Electrification of industry viable now - Transpower
By Gavin Evans
July 30 (BusinessDesk) - Much of the country’s industrial process heat could be electrified with technology available
now, national grid operator Transpower says.
Industrial heat pump technology can provide process heat up to 165 degrees Celsius and is expected to become
increasingly commercially available, while technologies like radio-frequency heating, induction heating and electric
furnaces are available for higher heat applications.
Government-owned Transpower says industrial heat pumps could cover a “major component” of the country’s process heat
requirements, which collectively account for close to a quarter of New Zealand’s energy-related emissions.

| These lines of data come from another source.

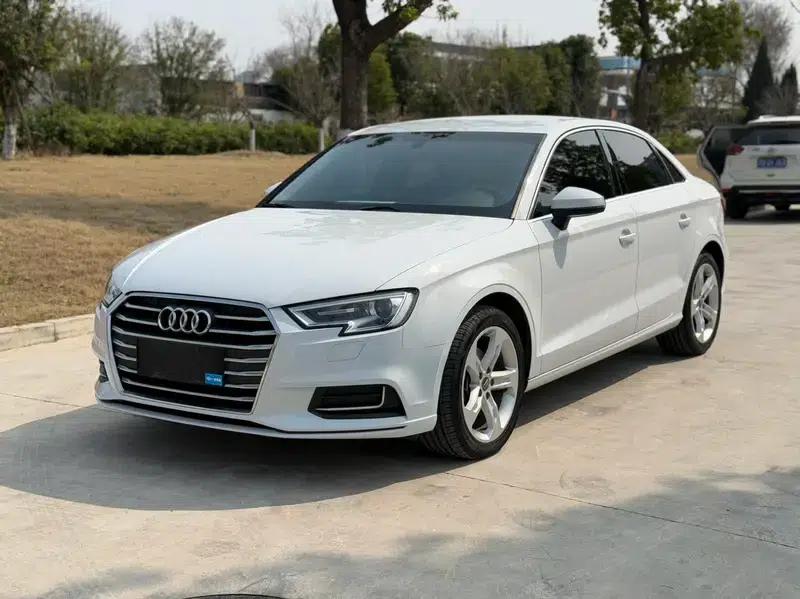 Audi A3 2020 Limousine 35 TFSI Progressive (China VI Emission Standard) — миниатюра 1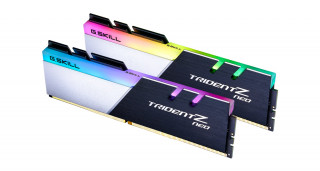 G.Skill 32GB/3600MHz DDR-4 Trident Z Neo (Kit! 2db 16GB) (F4-3600C16D-32GTZNC) memória PC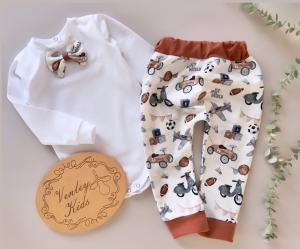 Zestaw z bodami AUTKA RETRO  2 el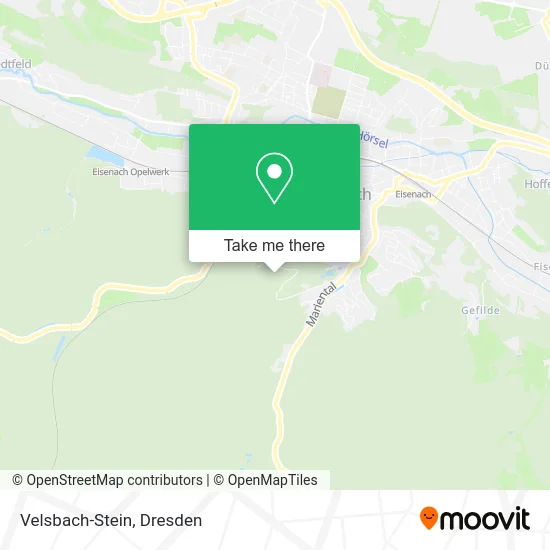 Карта Velsbach-Stein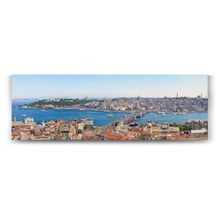 Tabloshop Galata Kulesinden Bakış 120x40 cm Tablo
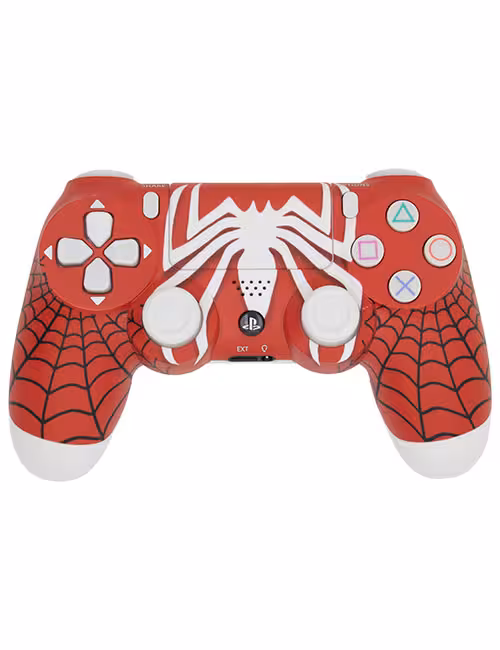 دسته طرحدار PS4 مرد عنکبوتی کد 02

It noted that high-heat applications – where temperatures of 300 degrees Celsius or more are required – account for only
about 19 percent of process heat emissions. About 44 percent come from intermediate heat applications – from 100 to 300
degrees.
“Processes requiring very high temperatures, such as in steel manufacturing, may be much more challenging,” the
government-owned national grid operator says in a just-published study of electrification of industrial heat. It follows
the Interim Climate Change Committee's report earlier this month that recommended an "accelerated electrification"
strategy as part of the government's response to climate change, with low to intermediate industrial heat conversion
from fossil fuels to electricity one of the best opportunities.
“The good news is that 37 percent of carbon emissions from process heat are from low-temperature applications, which can
be relatively easily substituted.”
The report is the latest study Transpower has undertaken to build on its 2018 Te Mauri Hiko paper, which modelled what
it would take to convert New Zealand to a net-zero emissions economy by 2050.
That report found that large-scale electrification of industry and transport could meet that target, but would require
generation capacity to roughly double to do so.
Transpower notes in its latest study that greater use of biomass is another option to reduce fossil-fuel use by
industry, while some firms may also use gas as a transition from coal and other fuels.
It says that while electricity is currently three to five-times as expensive as gas on a per-gigajoule basis, it is much
more competitive once carbon costs and the greater efficiency of new technologies are counted. Users also benefit from
not having to handle fuel and manage storage.
Whereas up to half the energy from a centralised coal or gas-fired boiler might be wasted, heat pumps can deliver three
to seven units of energy for every unit of electricity consumed, it says.
At the bottom of that range, and assuming a carbon cost of $50 a tonne, electricity and gas deliver heat at about the
same cost at less than $15/GJ. At the top of the range, the electricity cost is about half that of gas. That estimate
excludes capital costs. Carbon costs are currently about $23.50 a tonne.
Firms, universities, hospitals and prisons are already switching away from coal in favour of gas, wood-fired systems,
electricity and combinations thereof, and are beginning to experiment with hydrogen as a feedstock.
But there are no piped gas supplies on the South Island and in many parts of the country there are insufficient
established forestry waste supplies to yet deliver sufficient fuel. Many plants are also long distances from
high-voltage transmission systems.
Fonterra is converting its coal-fired Stirling cheese plant near Balclutha to run on electricity, but recently estimated
that running one of its milk powder driers at Darfield on wood would require 50-60,000 tonnes of fuel a year.
Transpower acknowledged that electrifying many process heat sites would be challenging due to their remoteness and
energy intensity.
In some cases, large plants like dairy factories could be supplied from the 220-kilovolt transmission grid backbone as a
more efficient alternative to upgrading existing regional 110-kV or 66-kV distribution systems, it said.
“In other cases, the economics of electrifying plant in its existing location may – in conjunction with other commercial
drivers – make it more economic to relocate to a greenfield site with optimised plant closer to transmission assets and
other infrastructure.”
Transpower said that many existing distribution networks have significant capacity that can be used but continuing
growth will also require further investment. The challenge for networks is to estimate increasing demand to investigate
if, what and when investment would be required.
Early communication is also important. Transpower said it has already had discussions with potential customers for
industrial sites as large as 50-to-80 megawatts and their load could be incorporated with relatively straightforward
upgrades.
But if a new transmission line was required, that could take seven or more years if resource consents are required.
Transpower said a risk for distribution networks is that growth would likely occur in stages. There is a risk that large
plants may initially connect to their local networks, only to want a direct transmission connection further down the
track.
“These challenges require the transmission and distribution operators to take a holistic approach to transmission
planning for a region, working closely not only with the local distribution company, but also with customers with
significant current and/or potential electricity loads.
“The thinking and conversations around process heat electrification need to be occurring now.”